Pour une première raison, c’est que les alternatives de gauche à Correa, Dilma ou Maduro sont à construire par les Equatoriens, les Brésiliens et les Vénézuéliens, et que nous n’avons sûrement pas de leçons à leur donner. Dans le même ordre d’idée, lorsque l’on sait d’où viennent ces Etats, d’où viennent encore l’Uruguay, le Nicaragua ou la Bolivie, on ne peut voir dans ces dirigeants qu’un mieux transitoire, en espérant qu’ils donnent aux habitants le goût du progrès social et l’envie de plus de révolte encore. C’est, semble-t-il, le cas, bien que de manière complexe et qu’il serait trop long d’analyser ici.

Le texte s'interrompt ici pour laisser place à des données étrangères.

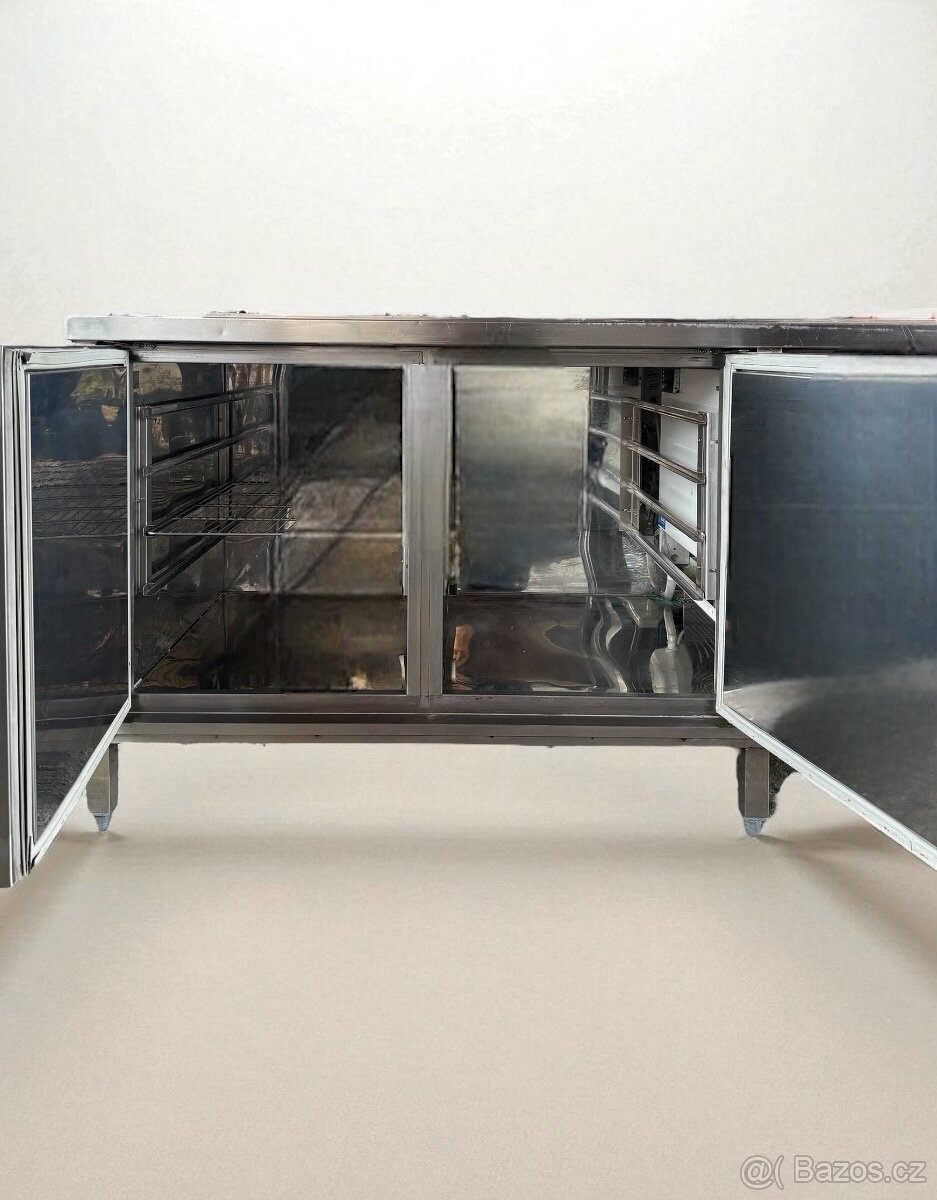 Chladicí pult 212x80x83-95cm - top stav - 3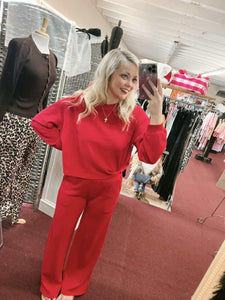 Poppin Red Set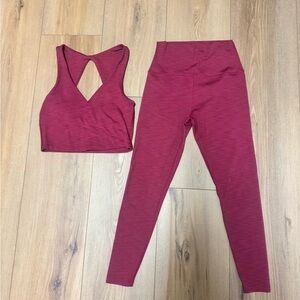 Beyond Yoga Top and Leggings Set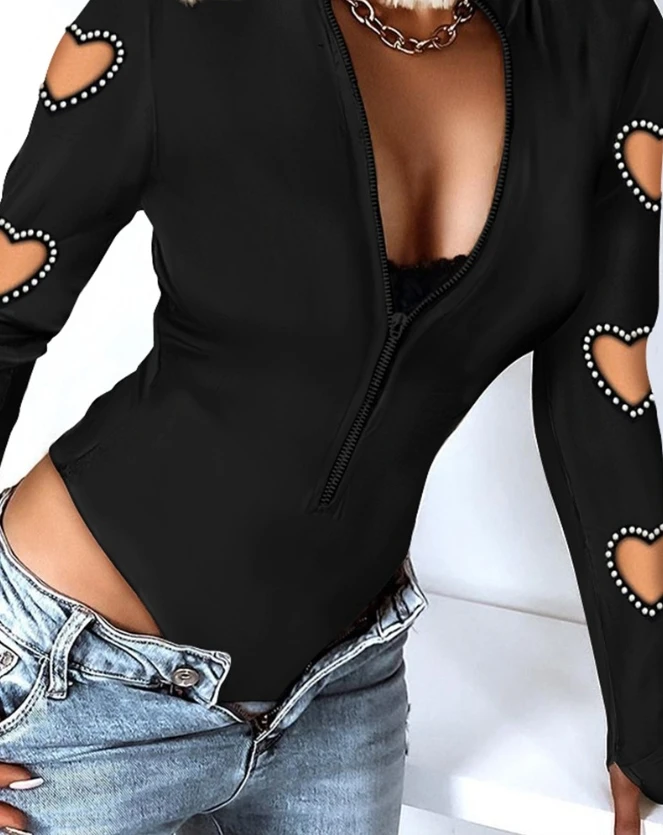 Рисунок 3 - Боди женское весеннее с длинным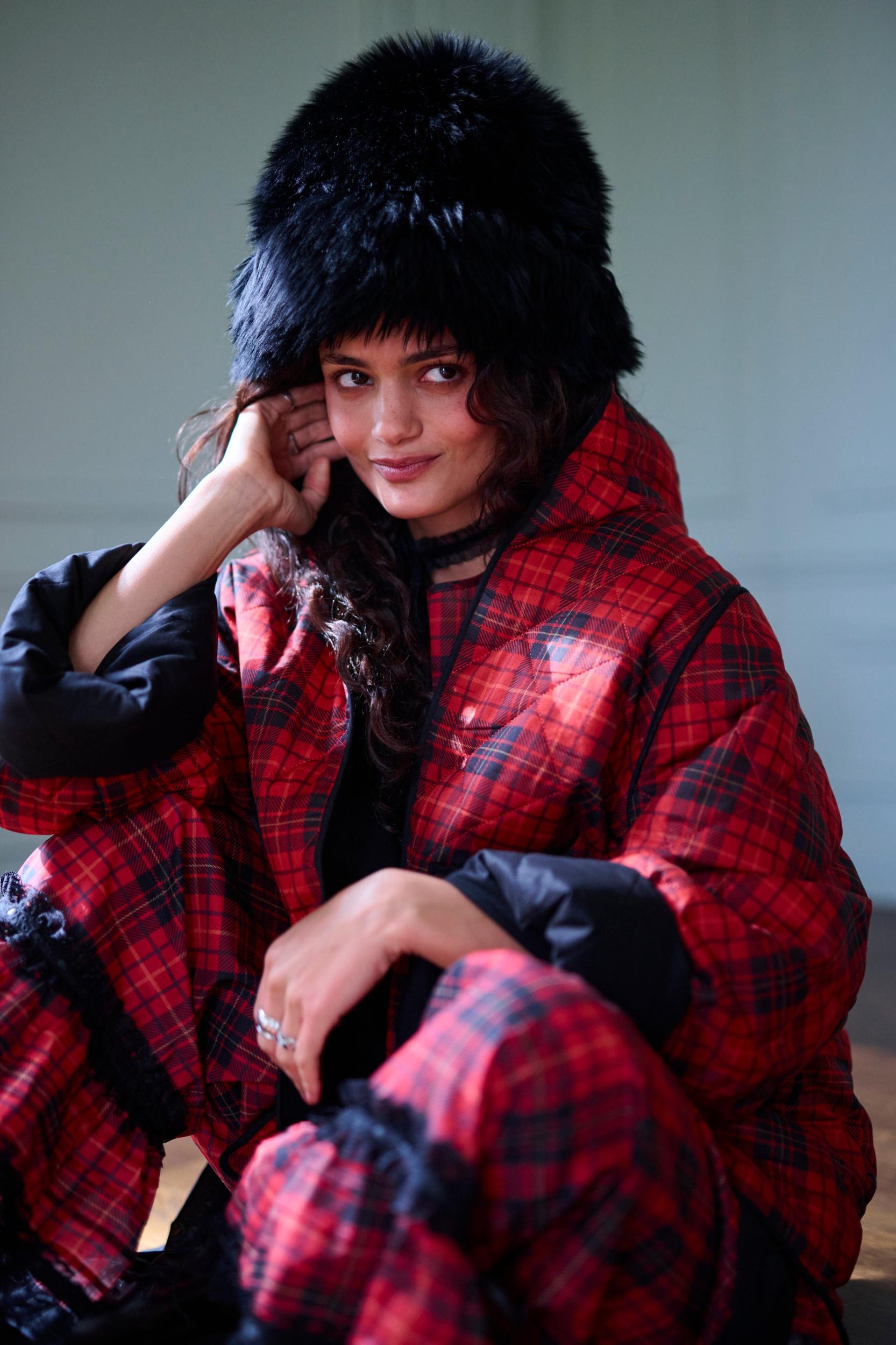 The Royal Tartan Bonfire Puffer Product Image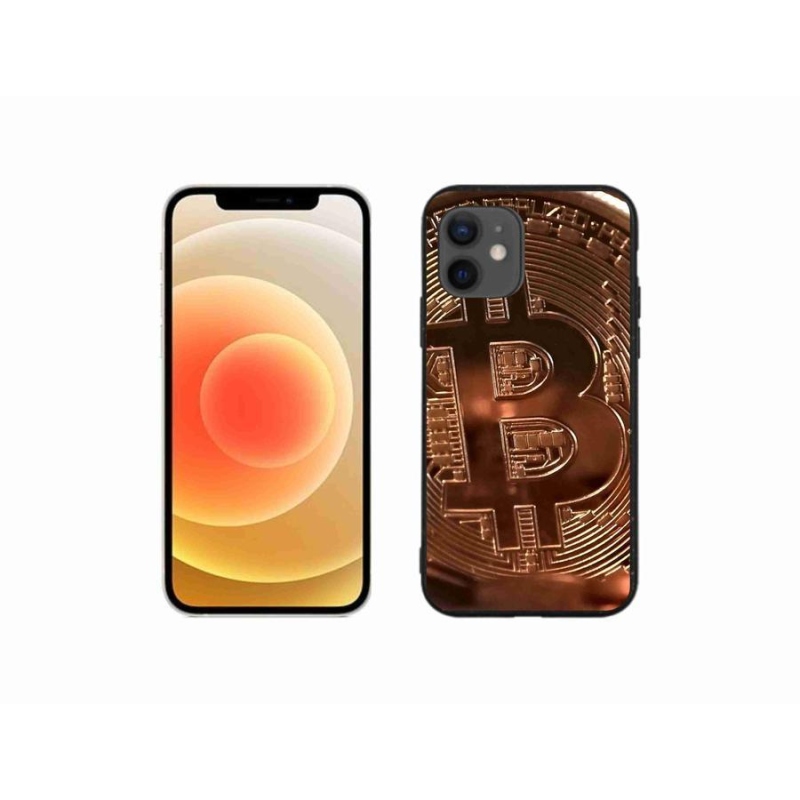 Gél tok mmCase iPhone 12 mini készülékhez - bitcoin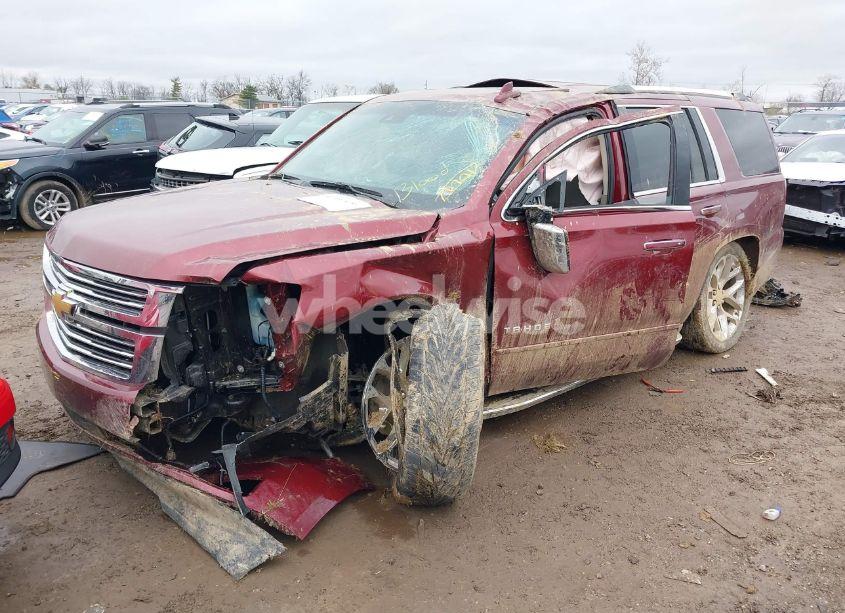 Photo 2 of 2019 Chevrolet Tahoe PREMIER (VIN 1GNSKCKC5KR264543)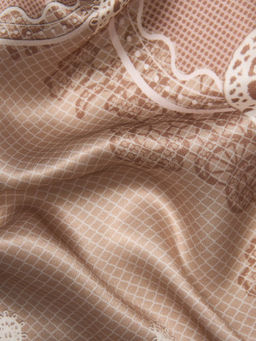 Платок жен. шелк 53х53 SS03-8509-03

Pour une deuxième raison, c’est que nous avons déjà fort à faire avec notre propre gauche, nos propres gouvernants, notre Europe, nos pays. Si nous voulons vraiment influencer le monde, alors nous devons changer ce qui se passe ici et maintenant, en Europe, en Belgique, chez nous.

Là où nous avons prise.

L’Europe est l’un des leviers de commande du commerce international. La politique abdicatrice -au bénéfice des profits du capital- de nos dirigeants est l’une des plus honteuses de la planète. Peut-être la plus honteuse, car nous sortons d’une période qui impliquait une véritable opportunité de direction vers une gauche modérée qui aurait pu être acceptable si elle s’était étendue à l’ensemble de la planète. Je ne dis pas une gauche idéale, mais quelque chose qui aurait pu servir de tremplin vers un monde à la fois plus juste et encore perfectible.

Nos dirigeants sociaux-démocrates ont préféré se courber devant les milieux conservateurs et les bakchichs que ceux-ci offraient à leurs serviteurs en place, devenus leurs partisans, leurs avocats, leurs complices.

Ils sont parmi les premiers contributeurs de la situation internationale pour s’être systématiquement accordés avec les intérêts diplomatico-stratégiques d’une Organisation du Traité Atlantique-Nord qui, normalement, n’avait plus de raison d’être.

Ils sont à ranger parmi les complices des gouvernements autoritaires qui nous servent de résereves énergétiques, de la Birmanie au Qatar, en passant par les bonnes vieilles dictatures latino-américaines et les néo-colonies africaines.

Le fait que les Etats d’Amérique Latine se soient plus ou moins -plus ou moins- émancipés, ils ne l’avalent toujours pas. Ils nous l’ont encore montré en 2002, lors de la tentative de coup d’état contre Chavez, qu’ils s’apprêtaient à saluer avec soulagement.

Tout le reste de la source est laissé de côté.